Solving the sextic by iteration: A study in complex geometry and dynamics

Recently, Peter Doyle and Curt McMullen devised an iterative solution to the fifth degree polynomial. At the method's core is a rational mapping of the Riemann sphere with the icosahedral symmetry of a general quintic. Moreover, this map posseses "reliable" dynamics: for almost any initial point, its trajectory converges to one of the periodic cycles that comprise an icosahedral orbit. This symmetry-breaking provides for a reliable or "generally-convergent" quintic-solving algorithm: with almost any fifth-degree equation, associate a rational map that has reliable dynamics and whose attractor consists of points from which one computes a root. An algorithm that solves the sixth-degree equation requires a dynamical system with the symmetry of the alternating group on six things.
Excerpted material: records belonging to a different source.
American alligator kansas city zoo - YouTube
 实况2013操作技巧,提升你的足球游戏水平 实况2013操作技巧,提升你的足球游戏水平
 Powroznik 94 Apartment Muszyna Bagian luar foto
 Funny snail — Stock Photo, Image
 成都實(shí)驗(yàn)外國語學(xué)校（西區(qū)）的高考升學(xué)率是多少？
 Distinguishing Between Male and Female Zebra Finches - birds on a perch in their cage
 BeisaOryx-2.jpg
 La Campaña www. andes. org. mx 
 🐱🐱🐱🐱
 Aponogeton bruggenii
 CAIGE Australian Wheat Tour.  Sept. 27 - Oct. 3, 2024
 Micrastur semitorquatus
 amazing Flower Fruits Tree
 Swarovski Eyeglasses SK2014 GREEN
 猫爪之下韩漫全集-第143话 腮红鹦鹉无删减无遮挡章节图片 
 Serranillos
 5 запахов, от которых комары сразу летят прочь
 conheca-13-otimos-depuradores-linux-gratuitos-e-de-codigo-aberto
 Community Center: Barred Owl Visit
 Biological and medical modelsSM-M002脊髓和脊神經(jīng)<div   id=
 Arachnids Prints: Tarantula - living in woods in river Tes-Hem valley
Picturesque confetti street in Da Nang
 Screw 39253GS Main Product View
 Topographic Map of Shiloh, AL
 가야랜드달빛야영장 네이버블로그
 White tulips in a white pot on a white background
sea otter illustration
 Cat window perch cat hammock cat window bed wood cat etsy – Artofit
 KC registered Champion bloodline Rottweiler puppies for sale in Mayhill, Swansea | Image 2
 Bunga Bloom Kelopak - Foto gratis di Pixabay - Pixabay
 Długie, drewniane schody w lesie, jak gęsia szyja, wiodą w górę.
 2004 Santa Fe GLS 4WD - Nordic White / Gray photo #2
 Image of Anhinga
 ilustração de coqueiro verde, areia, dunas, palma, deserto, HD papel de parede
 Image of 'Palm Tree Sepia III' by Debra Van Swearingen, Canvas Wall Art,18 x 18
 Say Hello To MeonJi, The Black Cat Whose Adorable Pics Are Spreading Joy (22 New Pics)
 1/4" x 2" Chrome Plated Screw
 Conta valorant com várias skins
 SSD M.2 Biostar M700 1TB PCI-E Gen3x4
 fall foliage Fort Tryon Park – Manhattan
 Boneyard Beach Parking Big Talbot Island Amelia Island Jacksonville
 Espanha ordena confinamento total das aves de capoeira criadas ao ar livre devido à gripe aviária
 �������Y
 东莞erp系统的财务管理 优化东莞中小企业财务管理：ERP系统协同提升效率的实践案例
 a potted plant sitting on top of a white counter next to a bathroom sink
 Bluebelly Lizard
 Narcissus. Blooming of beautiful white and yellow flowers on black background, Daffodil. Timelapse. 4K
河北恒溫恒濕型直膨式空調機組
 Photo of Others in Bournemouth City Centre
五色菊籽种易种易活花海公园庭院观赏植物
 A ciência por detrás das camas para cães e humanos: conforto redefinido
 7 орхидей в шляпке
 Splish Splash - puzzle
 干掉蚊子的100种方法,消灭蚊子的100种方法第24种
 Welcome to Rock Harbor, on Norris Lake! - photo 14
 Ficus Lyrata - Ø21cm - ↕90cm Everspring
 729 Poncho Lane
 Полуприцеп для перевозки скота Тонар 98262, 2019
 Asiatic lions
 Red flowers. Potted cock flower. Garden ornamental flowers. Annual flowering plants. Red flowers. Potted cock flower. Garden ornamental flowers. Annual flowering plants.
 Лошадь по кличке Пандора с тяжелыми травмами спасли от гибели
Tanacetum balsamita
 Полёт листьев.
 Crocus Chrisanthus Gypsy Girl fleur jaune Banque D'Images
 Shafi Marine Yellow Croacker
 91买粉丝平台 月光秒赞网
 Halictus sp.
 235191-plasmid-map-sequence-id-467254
This group does not act on the Riemmann sphere, but does act on the complex projective plane--this is the Valentiner group. The present work exploits the resulting 2-dimensional geometry in finding a Valentiner-symmetric rational map whose elegant dynamics experimentally appear to be reliable in the above sense--transferred to the 2-dimensional setting. This map provides the central feature of a conjecturally-reliable sextic-solving procedure analogous to that employed in the quintic case. The paper culminates in an explicit description of the algorithm.